I thought, even at eight or nine, that it was on-its-face absurd that these men could go to work and build a house from the foundation up but were somehow flummoxed by a Maytag. It seemed to me that men who could argue a legal case in open court should be able to talk to their own children from time to time.

And it seemed odd that basically every father in the world could sear steaks on a grill but feared stoves as if they contained witchcraft. What made these depictions seem all the more absurd to me was the presence of my own father, capable, engaged and genuinely interested in the goings on of his household. He was never put out by the tasks required to move the day along, and he spent gobs of time with us (even the girl-child) despite the constant imagery that depicted this as a mission doomed pre-launch.

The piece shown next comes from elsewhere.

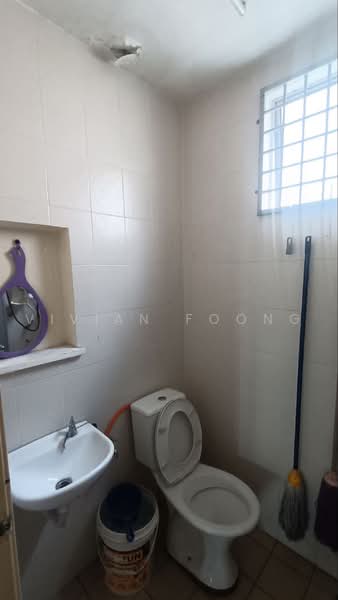 Rumah Teres 3-Tingkat untuk Dijual di kampar (Ipoh) - Vivian Foong - Bathroom - PropertyGuru.com.my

One vestigial part of yesteryear that I sorely want amputated is the notion of a father “babysitting” his own children. The term itself conjures up tweens temporarily filling in for a real parent. It is wholly detestable to address a father as a babysitter, or to reduce a father spending time with his children as equivalent to what a minimum wage tween might do. This offends me; it should offend every father on the planet. Fathers are not merely placeholders for the real parent, and they are not partial parents either. There are oceans between the job of a father and a babysitter. Babysitters babysit, fathers parent. It’s really that simple.

The inept version of fatherhood is thankfully fading from view. Each successive decade since they made “Mr. Mom” has picked away at the concept of fathers as foreigners inside of their own homes. Today the commercials and movies that depict fatherhood have a much broader vocabulary with which to engage their audience.

Though there are notable exceptions and plenty of backsliding, in general they’ve begun to show dads of all stripes capably navigating their familial lives.

My hope is that this trend continues and gains steam, not just for me and for my father for whom fatherhood is a gift, but for my daughters and all the generations of men and women still to come.